Despite this, Israel's smaller and quirkier parties have vowed to try in any event to break into national politics by submitting their own lists to the Central Elections Commission on Thursday.
The Aleh Yarok ("Green Leaf") party for the legalization of marijuana is a familiar face in Israeli politics, trying every year to take a stand on their sole party platform and even garnering 44,000 (1.15%) of Israel's votes in the previous elections. But now, according to Walla! News, it has set its sights higher: gaining the four seats necessary to break the threshold – with the 160,000 shekels ($40,670) the Israeli public has donated to the 2015 campaign.
Oren Leibovich, Green Leaf Party chairman, expressed optimism about the chances of entering the Knesset.
"The campaign came on short notice," he told the news agency. "We will of course pass the threshold this year – even though many parties have dropped out because of it – because of the widespread disgust with the political system."
He said that his party will focus on the most important issue on the public agenda: the use of cannabis.
"We are not a small party; we have a platform and our candidates are most deserving than any other party," he charged. "Promises of peace [with the Palestinian Authority] and annexation [of Judea-Samaria] or dismantling the Israel Lands Administration will probably not be realized – not during the next Knesset or the one after that."
"We, however, demand a practicable and effective means to relieve the masses and solve the greatest social injustice today – persecution of cannabis consumers," he added.
Setting sail for the Knesset?
Other parties serve an equally niche voter pool – some of whom are not even in Israel.
Ohad Shem Tov, Chairman of the Pirates party, told Walla! from his home base in New York that most of his party's supporters are not even in Israel. Shem Tov, who is completing his doctorate's thesis in the US, has stated that the party is managing the campaign from abroad, but noted that if the party is elected, most would return to Israel.
However, being elected is not even the point, Shem Tov said.

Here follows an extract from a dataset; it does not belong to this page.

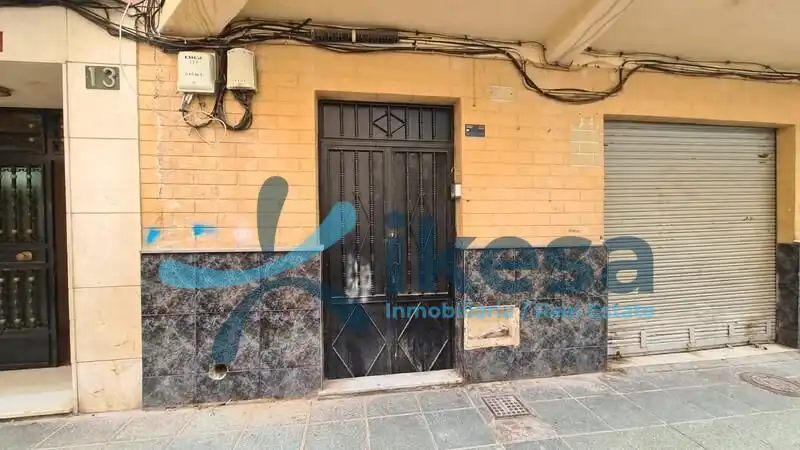 Xalet en venda a Centro, imagen 2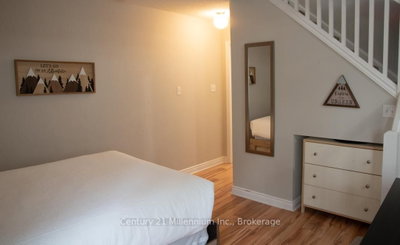 796468 Grey 19 Road • #110 • Blue Mountains, ON photo 8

"We're not running to gain votes; we're running to have our voices heard," the party chairman stated. The Pirates party, one in a network of small parties with the same name and platform throughout Europe, aims to lift heavy copyright laws against internet piracy and advocates "the freedom to share and copy."
If elected, it would introduce a direct approach to the democratic process as well.
"We will offer web software that allows all citizens to participate in the decision-making of all the members of the Knesset, so that they will vote in the Knesset by the will of the public, not just once every four years," he added. "We basically represent in real time what the public wants."
The Pirates party clashed before with Yesh Atid during the 2013 elections, after it claimed Yair Lapid had stolen votes from the fringe campaign by using a similar acronym on its ballot. 'Pirates' was represented by the Hebrew letter peh (פ), whereas Yesh Atid was represented by peh and heh (פה).
The other Kulanu
Another fringe party has clashed with another mainstream party during this round of elections: the "Kulanu Haverim – Na Nach" (literally, 'We're all friends' and a Breslov Hasidic phrase) party, which represents the Breslov hassidic sect.
Kulanu Haverim was one of the first parties to register during this round of elections, before Moshe Kahlon named his newly-formed Kulanu party.
The Breslov party has already complained that Kahlon will steal votes from their campaign, and have stated that they have received threatening phone calls from callers looking for Kahlon.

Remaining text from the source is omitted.